É recente o movimento de produtores em investir em suas lavouras e buscar melhores práticas de colheita, secagem e variedades de café para se obter um produto de qualidade superior.

Pois os grãos commodities, com porcentagem de defeitos (que interferem negativamente na bebida), eram (e ainda são) extratorrados aqui pelo mesmo motivo: uma forma de esconder os problemas dessa bebida, que poderiam torná-la "intragável". "Também colabora o fator econômico", diz Herszkowicz. "Quanto mais escura a torra, mais o café rende no preparo: menos pó é usado para fazer a mesma quantidade."

Fato é que o brasileiro tem tomado cada vez mais café e está cada vez mais disposto a pagar por um produto de melhor qualidade.
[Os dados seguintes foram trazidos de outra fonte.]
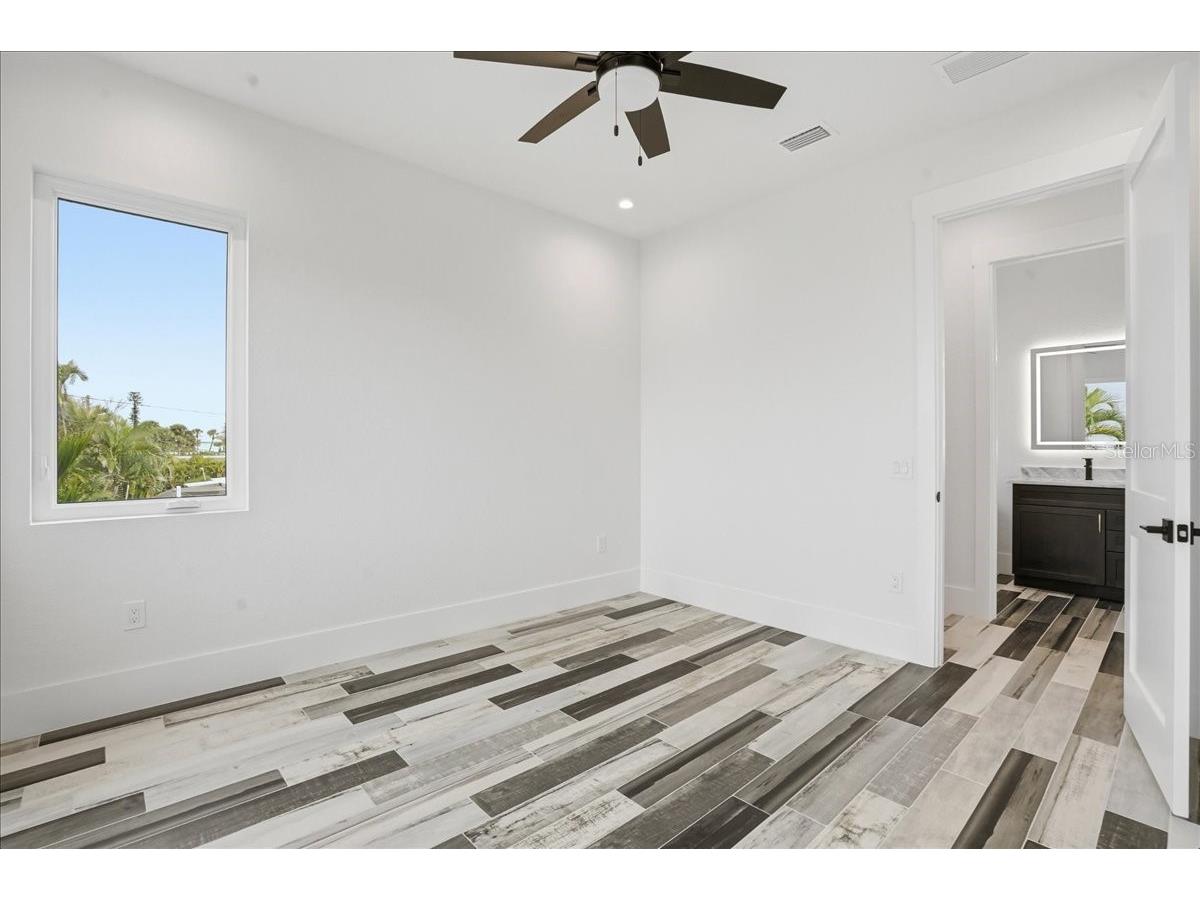 1214 Gulf Boulevard Englewood FL 34223 - ENGLEWOOD BEACH A4686400 image24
No mesmo cenário, se enxerga o crescimento ininterrupto da oferta de cafés gourmets nas gôndolas -em 2000 não havia nenhuma marca gourmet, hoje são 110, de acordo com a Abic.

Está nas mãos do consumidor se desprender das tradições, abrir os horizontes para novos cafés e assimilar práticas mais cuidadosas. O café deve ser moído somente antes do consumo e comprado fresco, "como tomate", diz a barista tricampeã brasileira, Silvia Magalhães. "Toda semana!"